Carol A. ARSENAULT v. Timothy L. ARSENAULT.
[¶ 1] Timothy L. Arsenault appeals from a corrected divorce judgment entered in the District Court (Springvale, Stavros, J.). Timothy contends that the court erred in making its award of general spousal support not subject to future modification. We dismiss the appeal as interlocutory and remand to the District Court.
[¶ 2] Carol A. Arsenault and Timothy Arsenault were married on July 19, 1985. Carol filed a complaint for divorce on July 22, 2005. The court's original divorce judgment was dated August 10, 2007, and was entered on the docket on August 21, 2007. In addition to provisions regarding parental rights and responsibilities, child support, and property distribution, the court also awarded Carol general spousal support of $600 a month. This award was specifically made not subject to future modification and was to terminate only upon the death of either party or Carol's remarriage.
[¶ 3] Timothy filed a motion to clarify the divorce judgment on August 29, 2007, on the grounds that the judgment did not specifically award Timothy the marital residence, although such an award was implicit from other aspects of the judgment. The court thereafter issued a corrected divorce judgment clarifying that Timothy was awarded the marital residence; all other aspects of the original divorce judgment remained the same. The corrected divorce judgment was entered on the docket on September 4, 2007.
[¶ 4] On September 6, 2007, Timothy filed a motion to reconsider the divorce judgment pursuant to M.R. Civ. P. 59(e) and for relief from the judgment pursuant to M.R. Civ. P. 60.1 In this motion, Timothy's primary contention was that the court had erred in making its award of general spousal support not subject to future modification.2 Prior to any action on his motion by the trial court, Timothy filed a notice of appeal on September 11. The court has taken no action on Timothy's pending motion.
[¶ 5] A motion for reconsideration of a judgment is treated as a motion to alter or amend a judgment under M.R. Civ.

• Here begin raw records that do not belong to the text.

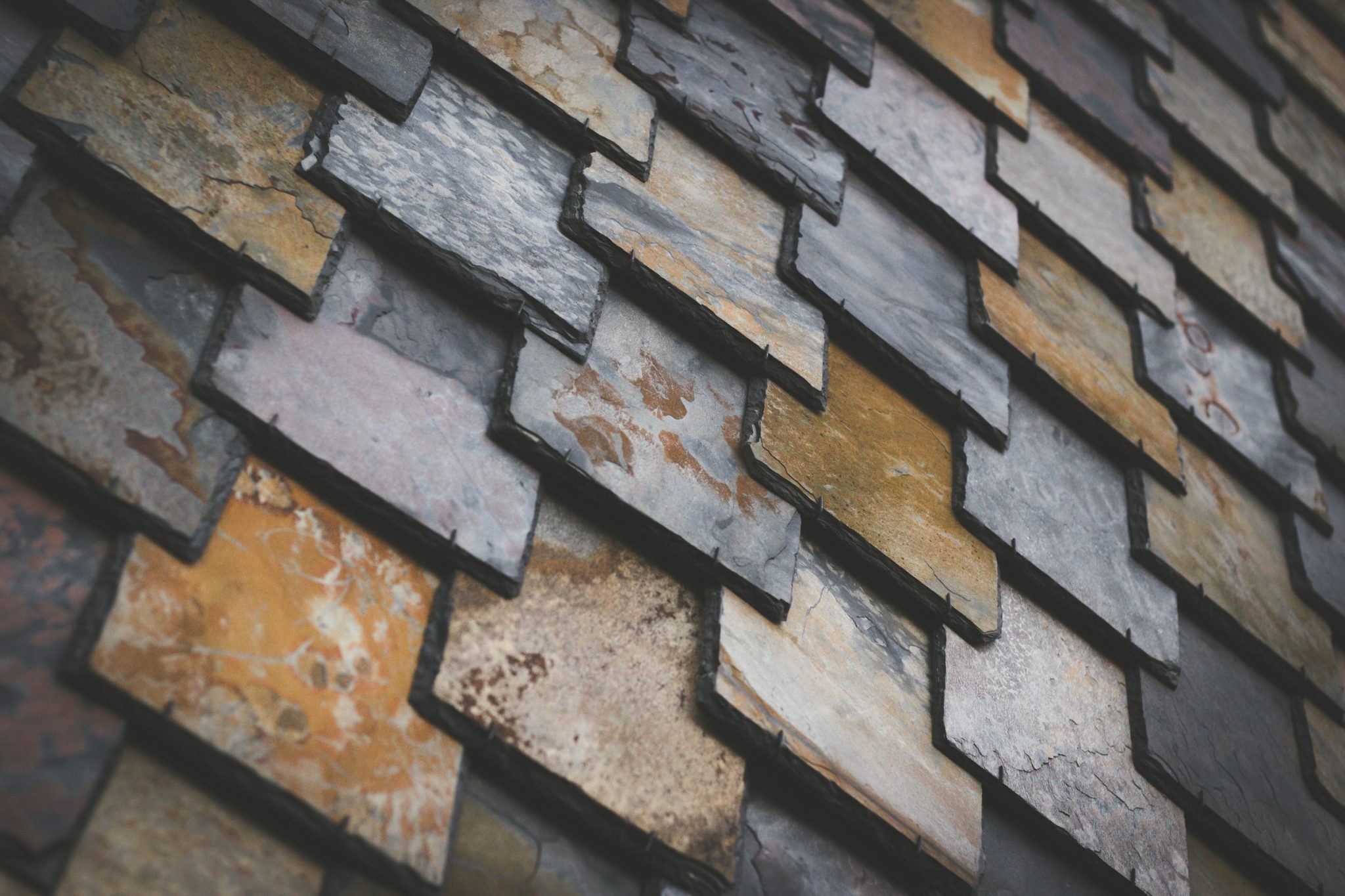 The timeless patina of slate roofs reflects the intentionality of builders who value enduring design
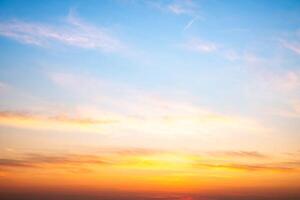 Beautiful , luxury soft gradient orange gold clouds and sunlight on the blue sky perfect for the background, take in evening,Twilight, Large size, high defini photo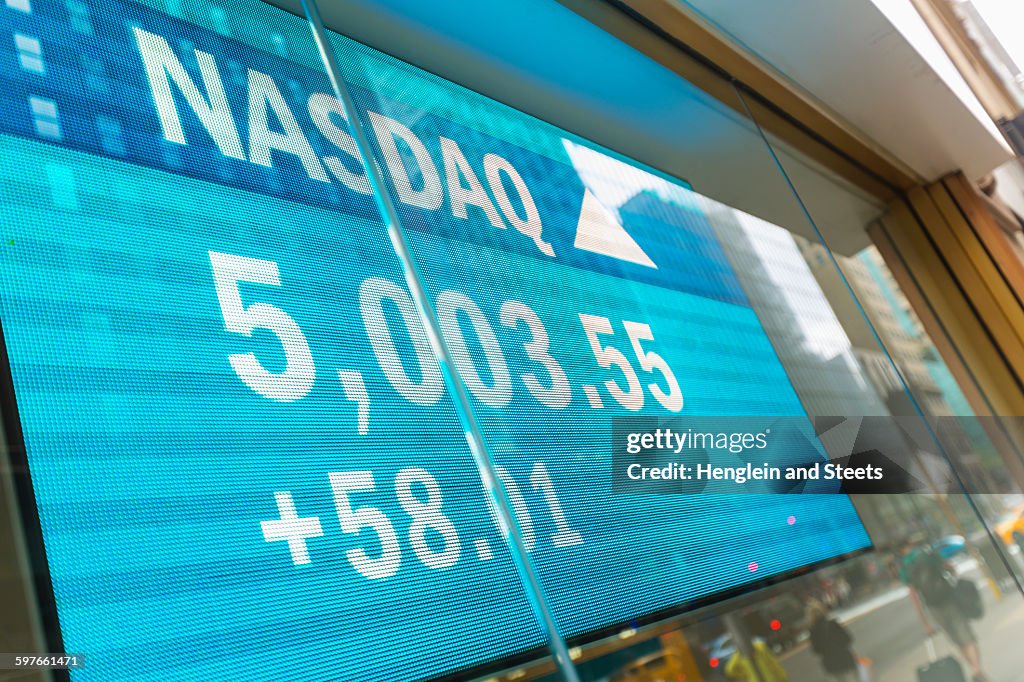 Stock market data screen in window, New York, USA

P. 59(e). A timely motion to alter or amend a judgment made pursuant to M.R. Civ. P. 59(e) suspends the running of the time for appeal. M.R.App. P. 2(b)(3). In addition, although a trial court generally may not take further action in a case after an appeal is docketed in this Court, the rules of appellate procedure contain an exception for timely post-judgment motions, including those made pursuant to Rule 59(e). See M.R.App. P. 3(b) (providing that the trial court may act on any timely motion made pursuant to one of the rules listed in M.R.App. P. 2(b)(3), which includes a motion made pursuant to M.R. Civ. P. 59(e)).
[¶ 6] Rule 59(e) provides that a motion to alter or amend a judgment is timely if it is “served not later than 10 days after entry of the judgment.” Service is complete upon mailing to a party's attorney, and no proof of service is required where the motion is filed with the court. M.R. Civ. P. 5(b), (d). Even where there is no evidence of when a motion was served, if there is no challenge to its timeliness, we assume that a motion pursuant to M.R. Civ. P. 59(e) was timely served. See Walker v. Walker, 2005 ME 21, ¶ 7, 868 A.2d 887, 889.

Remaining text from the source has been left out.